[Provided data — start]

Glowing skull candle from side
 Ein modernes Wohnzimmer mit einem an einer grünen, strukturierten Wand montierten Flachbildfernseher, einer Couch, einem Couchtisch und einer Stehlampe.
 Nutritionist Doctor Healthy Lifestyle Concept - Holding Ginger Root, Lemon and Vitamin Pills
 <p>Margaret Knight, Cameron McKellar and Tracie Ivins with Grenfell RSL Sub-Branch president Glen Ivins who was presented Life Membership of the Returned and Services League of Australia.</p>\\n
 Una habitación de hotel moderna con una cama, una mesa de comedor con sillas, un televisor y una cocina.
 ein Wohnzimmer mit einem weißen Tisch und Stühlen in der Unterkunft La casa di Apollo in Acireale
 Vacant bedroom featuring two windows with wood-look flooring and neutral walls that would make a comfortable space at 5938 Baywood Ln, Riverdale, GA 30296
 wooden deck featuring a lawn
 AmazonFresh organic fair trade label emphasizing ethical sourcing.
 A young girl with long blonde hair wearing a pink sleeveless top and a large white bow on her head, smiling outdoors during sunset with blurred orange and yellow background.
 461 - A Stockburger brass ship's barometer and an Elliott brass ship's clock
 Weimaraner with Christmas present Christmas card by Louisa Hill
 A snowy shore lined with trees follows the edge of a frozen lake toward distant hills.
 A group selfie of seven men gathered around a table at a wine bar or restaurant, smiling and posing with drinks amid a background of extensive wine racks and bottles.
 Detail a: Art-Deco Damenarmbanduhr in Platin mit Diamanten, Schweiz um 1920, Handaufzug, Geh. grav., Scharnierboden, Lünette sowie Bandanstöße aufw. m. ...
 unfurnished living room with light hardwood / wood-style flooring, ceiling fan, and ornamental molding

[Provided data — finish]

**Your assignment:**
Exact copies of all the records are required.

**Problem solution:**
Glowing skull candle from side
 Ein modernes Wohnzimmer mit einem an einer grünen, strukturierten Wand montierten Flachbildfernseher, einer Couch, einem Couchtisch und einer Stehlampe.
 Nutritionist Doctor Healthy Lifestyle Concept - Holding Ginger Root, Lemon and Vitamin Pills
 <p>Margaret Knight, Cameron McKellar and Tracie Ivins with Grenfell RSL Sub-Branch president Glen Ivins who was presented Life Membership of the Returned and Services League of Australia.</p>\\n
 Una habitación de hotel moderna con una cama, una mesa de comedor con sillas, un televisor y una cocina.
 ein Wohnzimmer mit einem weißen Tisch und Stühlen in der Unterkunft La casa di Apollo in Acireale
 Vacant bedroom featuring two windows with wood-look flooring and neutral walls that would make a comfortable space at 5938 Baywood Ln, Riverdale, GA 30296
 wooden deck featuring a lawn
 AmazonFresh organic fair trade label emphasizing ethical sourcing.
 A young girl with long blonde hair wearing a pink sleeveless top and a large white bow on her head, smiling outdoors during sunset with blurred orange and yellow background.
 461 - A Stockburger brass ship's barometer and an Elliott brass ship's clock
 Weimaraner with Christmas present Christmas card by Louisa Hill
 A snowy shore lined with trees follows the edge of a frozen lake toward distant hills.
 A group selfie of seven men gathered around a table at a wine bar or restaurant, smiling and posing with drinks amid a background of extensive wine racks and bottles.
 Detail a: Art-Deco Damenarmbanduhr in Platin mit Diamanten, Schweiz um 1920, Handaufzug, Geh. grav., Scharnierboden, Lünette sowie Bandanstöße aufw. m. ...
 unfurnished living room with light hardwood / wood-style flooring, ceiling fan, and ornamental molding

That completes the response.